The destiny of the strongest industrial nations is pegged to oil, starting with the United States, where more wells have been drilled than anywhere else on Earth. Absorbed by a nearly universal appetite for the American way of life, the world’s population has become, in spite of our misfortunes, the largest and most affluent in history.

Now where are we headed?

It was on 9/11 that I began to ask deeper questions about the link between power and energy. Watching events unfold from France, where I was working as a journalist, I found myself saying, “Just wait and see, Saddam will end up taking the punishment.” Afterward, it was extremely hard for me to believe that Saudis were allowed to board a plane and leave the United States immediately after the attacks, without having to answer any questions from US authorities. With great astonishment I learned that the Bush and bin Laden families had actual direct connections. And I ended up wondering, what were the odds that these kinds of connections would exist?

American Soldier

American soldiers in front of the Iraqi Ministry of Oil after taking Bagdad in 2003. The oil ministry was one of the few public buildings protected by the US military during the pillage that followed the fall of Saddam Hussein. Photo © Cris Bouroncle/AFP

Like many who grew up during the end of the great American century, I had long been immersed in American culture. I had an insatiable appetite for its cinema, its music, its literature, and more generally a sustained fascination with its creativity, humor, and vitality. I was dazzled by its intimacy with each innovation that the new technological world offered to me, a child of an “old Europe” so often tired of itself. That’s why the tragic catastrophe of the 2003 invasion of Iraq was a personal affront to my idea of America, the one I cherish so much.

And then I wondered if the Bush phenomenon constituted a singularity in American history, or if, on the contrary, it revealed a filum, a logical historical continuity between successive incarnations of US power and the energy sources essential for the expression of this unprecedented power.

Oil, Power, and War is the result of my inquiry.

Energy from petroleum arrived at a key moment in the development of our species. Today, the very thing that drives technical humanity has also become its nemesis. Risks multiply as the combustion of fossil fuels generates greenhouse gases, which in turn upset the planet’s climate. This danger, for the time being unresolved, masks another that is more direct and perhaps more immediate. Once consumed in our various machines, energy dissipates and disintegrates irretrievably in the form of heat, becoming almost useless.

In this way our limited reserves of fossil energy are being consumed with ever-increasing greed. The history of those reserves is one of a series of depletions offset by the discovery of new stocks. But, lacking accessible reserves able to compensate for the natural decline of the large number of fields discovered in the last century, we risk a drastic disruption in supply—perhaps before 2030, even as early as around 2020. In any case, much too quickly for an industrial humanity that has sprouted from fields of crude to learn to live in peace with a perpetual lack of crude.

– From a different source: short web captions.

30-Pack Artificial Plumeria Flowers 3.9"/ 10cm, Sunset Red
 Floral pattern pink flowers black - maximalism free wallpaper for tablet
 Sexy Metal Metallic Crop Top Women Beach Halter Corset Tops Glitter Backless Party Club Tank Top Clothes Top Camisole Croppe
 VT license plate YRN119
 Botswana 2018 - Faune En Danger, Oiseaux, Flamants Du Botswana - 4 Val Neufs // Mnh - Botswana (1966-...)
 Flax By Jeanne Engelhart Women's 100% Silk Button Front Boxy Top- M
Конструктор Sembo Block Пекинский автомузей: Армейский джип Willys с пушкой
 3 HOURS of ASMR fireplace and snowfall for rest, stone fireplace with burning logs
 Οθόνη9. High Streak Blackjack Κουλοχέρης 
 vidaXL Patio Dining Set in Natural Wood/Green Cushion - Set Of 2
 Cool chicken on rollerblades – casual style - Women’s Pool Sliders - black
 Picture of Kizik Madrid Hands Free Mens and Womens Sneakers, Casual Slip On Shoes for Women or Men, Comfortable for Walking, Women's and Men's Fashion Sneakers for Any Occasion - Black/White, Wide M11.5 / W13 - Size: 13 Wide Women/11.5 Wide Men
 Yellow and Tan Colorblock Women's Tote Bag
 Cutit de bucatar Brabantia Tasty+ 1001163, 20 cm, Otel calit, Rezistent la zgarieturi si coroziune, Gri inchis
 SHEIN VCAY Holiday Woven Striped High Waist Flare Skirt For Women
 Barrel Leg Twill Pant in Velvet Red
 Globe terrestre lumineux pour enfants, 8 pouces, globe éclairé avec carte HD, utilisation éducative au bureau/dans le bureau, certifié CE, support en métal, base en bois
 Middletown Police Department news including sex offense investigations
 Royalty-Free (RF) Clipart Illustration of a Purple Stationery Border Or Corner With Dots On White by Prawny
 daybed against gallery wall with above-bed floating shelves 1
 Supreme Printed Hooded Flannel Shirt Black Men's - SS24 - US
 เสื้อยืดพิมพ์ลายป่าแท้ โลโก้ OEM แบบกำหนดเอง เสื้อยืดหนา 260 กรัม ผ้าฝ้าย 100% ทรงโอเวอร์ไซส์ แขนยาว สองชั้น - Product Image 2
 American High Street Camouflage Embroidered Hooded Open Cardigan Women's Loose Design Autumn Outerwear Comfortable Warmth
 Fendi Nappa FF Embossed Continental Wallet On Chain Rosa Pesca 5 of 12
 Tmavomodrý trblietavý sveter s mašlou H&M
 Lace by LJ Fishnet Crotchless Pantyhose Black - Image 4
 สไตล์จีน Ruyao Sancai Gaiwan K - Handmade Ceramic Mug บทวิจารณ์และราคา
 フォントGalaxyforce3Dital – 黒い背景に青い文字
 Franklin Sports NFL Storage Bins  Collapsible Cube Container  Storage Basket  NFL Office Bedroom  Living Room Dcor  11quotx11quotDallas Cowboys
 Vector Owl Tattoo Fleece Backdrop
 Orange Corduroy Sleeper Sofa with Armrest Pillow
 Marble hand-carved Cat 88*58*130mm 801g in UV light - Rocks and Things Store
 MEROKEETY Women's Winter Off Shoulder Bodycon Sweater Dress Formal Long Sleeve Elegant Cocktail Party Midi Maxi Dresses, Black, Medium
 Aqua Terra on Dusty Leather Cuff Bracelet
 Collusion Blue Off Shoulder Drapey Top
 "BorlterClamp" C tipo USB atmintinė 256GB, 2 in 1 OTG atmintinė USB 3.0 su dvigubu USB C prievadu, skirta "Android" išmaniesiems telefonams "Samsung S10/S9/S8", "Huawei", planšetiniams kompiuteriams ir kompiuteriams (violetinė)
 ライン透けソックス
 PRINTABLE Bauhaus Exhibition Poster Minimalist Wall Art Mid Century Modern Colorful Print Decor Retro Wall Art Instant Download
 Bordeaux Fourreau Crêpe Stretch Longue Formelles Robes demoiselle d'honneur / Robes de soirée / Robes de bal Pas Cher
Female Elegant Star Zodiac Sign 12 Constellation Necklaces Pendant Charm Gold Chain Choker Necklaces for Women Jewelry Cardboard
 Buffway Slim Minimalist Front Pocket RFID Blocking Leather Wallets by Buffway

The perils of our dependency on fossil fuels have been understood since the beginning of the Industrial Revolution, though they’ve been consistently ignored. And so, the abundance of energy offered to us in the form of oil has been able to transform the world by itself. The pages ahead tell the story of how that happened, explore the conditions that allowed this abundance to precipitate turbulence, and revisit the history of societies lifted to excess and the lives of people caught up in the storm. Oil, Power, and War is also the history of people and institutions—corporations, nations—who fight to stay in the eye of the cyclone, believing it possible to impose their own direction on the vortex, or to transgress its limits.